BEGIN

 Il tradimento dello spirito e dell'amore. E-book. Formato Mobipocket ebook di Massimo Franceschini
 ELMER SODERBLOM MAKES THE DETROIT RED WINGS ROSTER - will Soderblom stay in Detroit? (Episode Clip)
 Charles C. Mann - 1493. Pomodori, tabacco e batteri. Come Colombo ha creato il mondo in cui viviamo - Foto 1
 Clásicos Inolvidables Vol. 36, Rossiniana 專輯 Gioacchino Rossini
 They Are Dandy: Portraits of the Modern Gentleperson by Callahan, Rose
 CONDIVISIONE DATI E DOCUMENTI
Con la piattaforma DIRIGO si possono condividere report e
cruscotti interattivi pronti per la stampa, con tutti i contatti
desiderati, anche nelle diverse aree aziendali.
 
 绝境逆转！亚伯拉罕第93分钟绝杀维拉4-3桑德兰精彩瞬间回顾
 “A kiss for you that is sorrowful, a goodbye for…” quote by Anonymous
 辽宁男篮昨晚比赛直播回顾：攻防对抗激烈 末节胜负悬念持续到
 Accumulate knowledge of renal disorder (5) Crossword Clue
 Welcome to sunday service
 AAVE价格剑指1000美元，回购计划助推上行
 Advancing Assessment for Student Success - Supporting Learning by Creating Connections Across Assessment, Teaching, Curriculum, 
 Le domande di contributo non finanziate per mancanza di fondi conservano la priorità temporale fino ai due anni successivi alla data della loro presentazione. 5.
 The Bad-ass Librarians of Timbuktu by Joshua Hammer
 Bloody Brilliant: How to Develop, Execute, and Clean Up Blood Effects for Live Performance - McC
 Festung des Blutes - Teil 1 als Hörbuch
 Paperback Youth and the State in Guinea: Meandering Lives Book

END

ASSIGNMENT.
Everything starting at the line containing "ELMER SODERBLOM MAKES" and ending at the line containing "Con la piattaforma" in the records above should be repeated exactly, and only that.

ANSWER TO THE PROBLEM.
 ELMER SODERBLOM MAKES THE DETROIT RED WINGS ROSTER - will Soderblom stay in Detroit? (Episode Clip)
 Charles C. Mann - 1493. Pomodori, tabacco e batteri. Come Colombo ha creato il mondo in cui viviamo - Foto 1
 Clásicos Inolvidables Vol. 36, Rossiniana 專輯 Gioacchino Rossini
 They Are Dandy: Portraits of the Modern Gentleperson by Callahan, Rose
 CONDIVISIONE DATI E DOCUMENTI
Con la piattaforma DIRIGO si possono condividere report e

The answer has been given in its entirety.